Please feel free to express your views honestly re; Feninism.
What to men really think about it?

OP posts:
HerBeatitude · 11/09/2010 10:53

I think this thing of telling women they shouldn't focus on the problems in their own countries is doing two things:

  1. the usual thing of telling women that we are selfish bitches for putting our needs above anyone else's - we're supposed to put everyone else first, worry about everyone else and then only when everyone else is sorted, then we can serve ourselves
  1. It's very comforting to think that we don't really have anything to worry about in our countries. Focusing on how dreadful things are for women in other parts of the world, means we don't have to face up to the fact that some things are really fucking awful for women here. Obviously not as awful as Afghanistan etc., but let's not pretend it's not fucking awful to not feel physically safe, to have to fight to have our voices heard and to be taken seriously, to have to be nice and flirty and placating to men when we're arguing our case and they're patronising us because otherwise they'll stop listening and write us off as bitter harridans, and all the rest of it. If we can go into denial about the things that are bad here and get worked up about things that are happening to "other" women elsewhere, we can achieve emotional distance from injustice, which is always more comfortable than being emotionally involved, isn't it? It's very tempting to do that, I can see why lots of people want to. I want to do it myself this morning.
Pan · 11/09/2010 11:39

Snorbs - yes I def. get this:

"I think the point I was struggling towards is that the fact that the people who predominantly do this are men, and the fact that I'm a man, does not mean that I should feel guilt by association for that coincidence."

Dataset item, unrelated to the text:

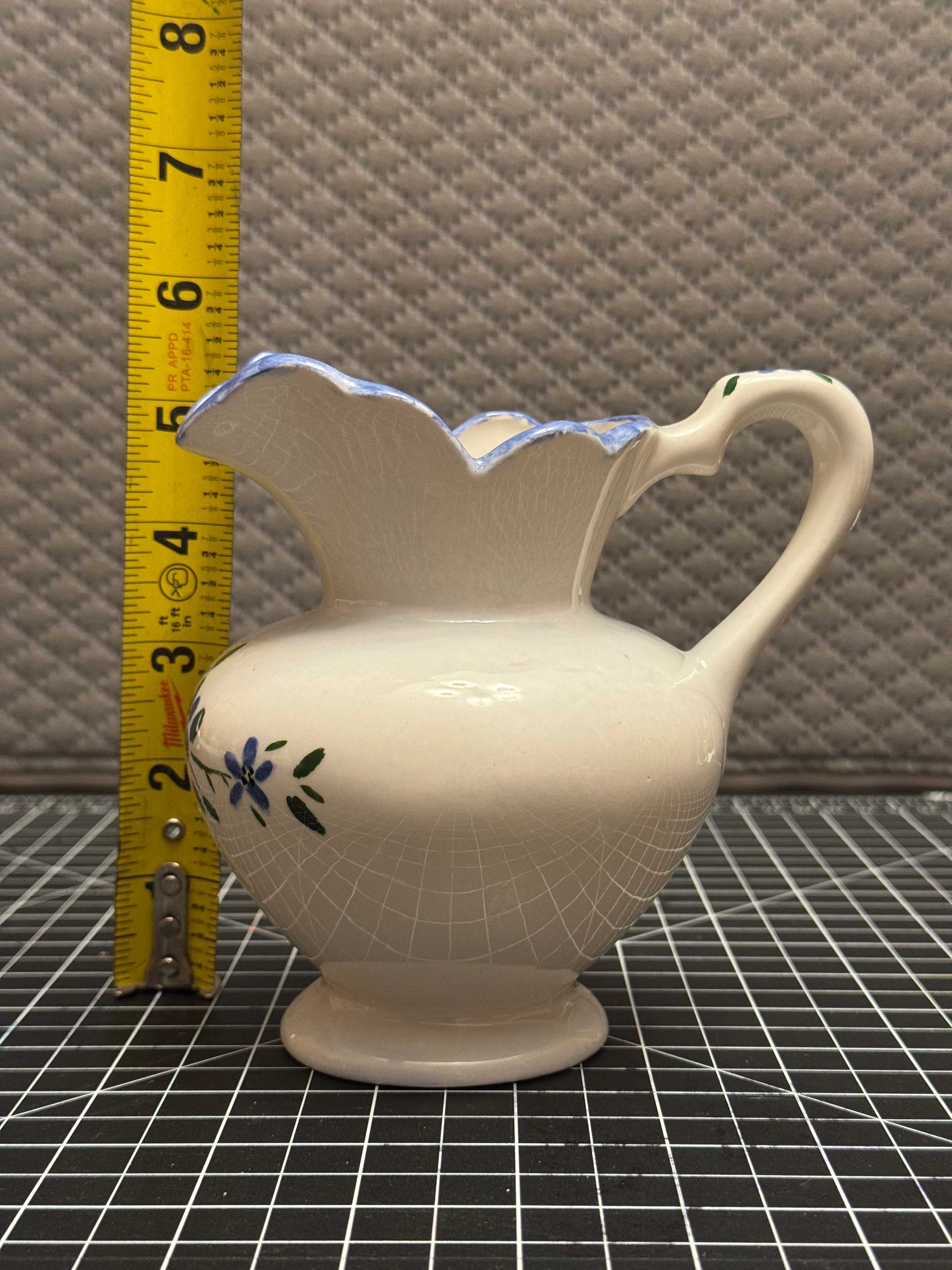 Vintage Style Blue Floral Creamer Pitcher Cottage Farmhouse Decor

I think it quite a complex point you make, and pivots around notion of rsponsibility. Of course we are not responsible for individuals actions, unless we provided some kind of encouragement etc.

A feminist position could well be that we as males have a kind of responsibility to try to ensure those actions are not repeated, and one does this by taking action to challenge and reduce to incidence of female oppression. (This isn't specifically a position held by women in the feminist movement only, but a civilised thing to be doing in any event. As you know.) The 'resonsibility lies with us, so the position goes as I understand it, because we have access to the circumstances where oppression is generated and can indeed as you self-describe actively 'role-model' to people around us, adults and children.

So I am sure the "guilt by association" thing - which used to bug me A LOT years ago more accurately refers to 'so what are you, as a man, going to do about it?'.

I think.
All pretty cut down version.

(Sprogger - bit curious about 'man like Pan'.)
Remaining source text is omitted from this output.